What is required: Each line that contains "Women" needs to be copied from the listing.

Data:
○ ○ ○ ○ ○

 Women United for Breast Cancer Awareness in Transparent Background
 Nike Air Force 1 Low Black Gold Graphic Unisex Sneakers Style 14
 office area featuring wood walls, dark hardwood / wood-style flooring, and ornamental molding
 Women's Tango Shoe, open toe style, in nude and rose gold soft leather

○ ○ ○ ○ ○

Your response:
 Women United for Breast Cancer Awareness in Transparent Background
 Women's Tango Shoe, open toe style, in nude and rose gold soft leather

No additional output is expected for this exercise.